Poland participated in the Eurovision Song Contest 1999. The Polish broadcaster Telewizja Polska (TVP) selected country's entry via an internal selection. Mietek Szcześniak was ultimately selected to represent Poland at the 1999 contest in Jerusalem, Israel with the song "Przytul mnie mocno" written by Seweryn Krajewski and Wojciech Ziembicki. Szcześniak and his contest entry were announced on 9 March 1999.

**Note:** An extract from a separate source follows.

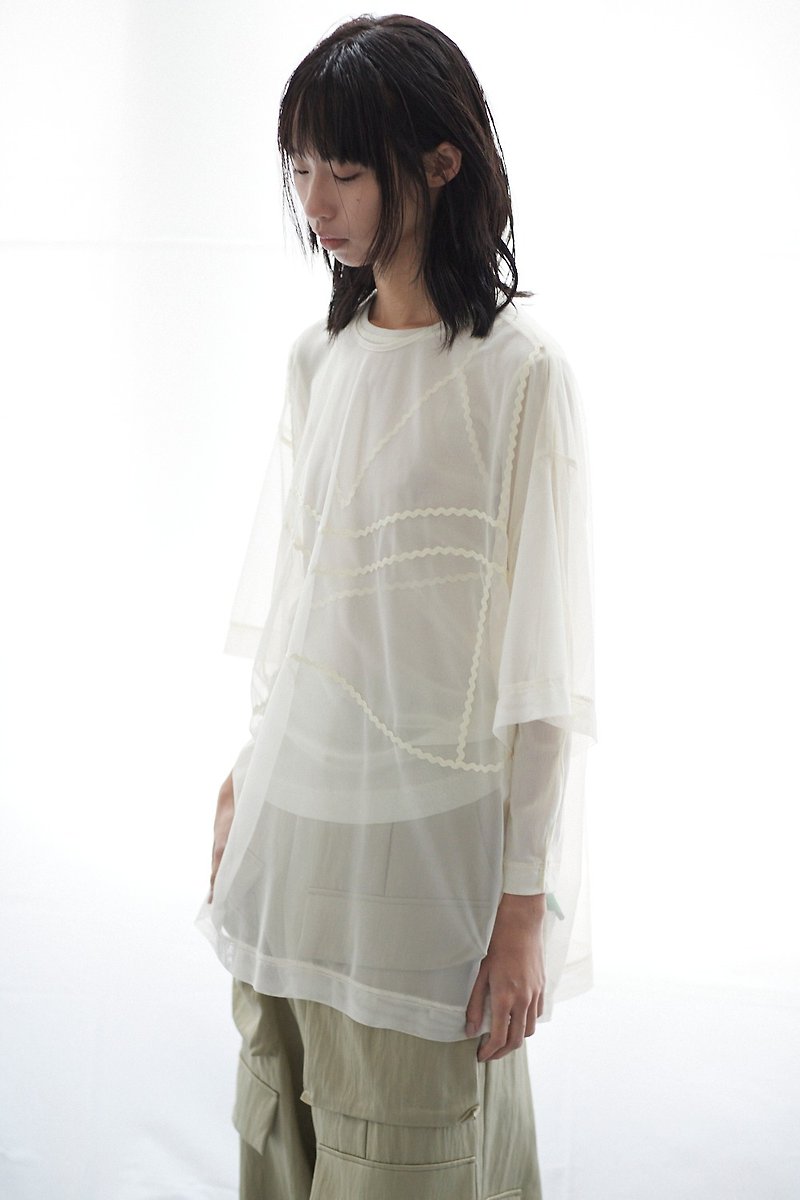 Concept sheer short-sleeved top - เสื้อผู้หญิง - เส้นใยสังเคราะห์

Poland competed in the Eurovision Song Contest which took place on 29 May 1999. Performing during the show in position 12, Poland placed eighteenth out of the 23 participating countries, scoring 17 points.

Background 

Prior to the 1999 Contest, Poland had participated in the Eurovision Song Contest five times since its first entry in 1994. Poland's highest placement in the contest, to this point, has been second place, which the nation achieved with its debut entry in 1994 with the song "To nie ja!" performed by Edyta Górniak. The Polish national broadcaster, Telewizja Polska (TVP), broadcasts the event within Poland and organises the selection process for the nation's entry. Having internally selected their entries since 1994, the broadcaster opted to continue selecting the Polish entry via an internal selection for 1999.

Before Eurovision

Internal selection 

The Polish entry for the 1999 Eurovision Song Contest was selected via an internal selection. On 9 March 1999, it was announced that Mietek Szcześniak would represent Poland in the Eurovision Song Contest 1999 with the song "Przytul mnie mocno", written by Seweryn Krajewski and Wojciech Ziembicki. TVP directly invited four artists to perform "Przytul mnie mocno" during a live audition round held in early 1999: Andrzej Piaseczny, Kasia Stankiewicz, Mietek Szcześniak and Natalia Kukulska, during which Szcześniak was selected by a selection committee to represent Poland. Among the members of the selection committee were Marek Sierocki (Head of Entertainment of TVP1), Irena Santor (singer and actress) and Wojciech Gąssowski (singer and composer).

At Eurovision 
According to Eurovision rules, all nations with the exceptions of the bottom seven countries in the 1998 contest competed in the final on 29 May 1999. On 17 November 1998, a special allocation draw was held which determined the running order and Poland was set to perform in position 12, following the entry from Netherlands and before the entry from Iceland. Poland finished in eighteenth place with 17 points.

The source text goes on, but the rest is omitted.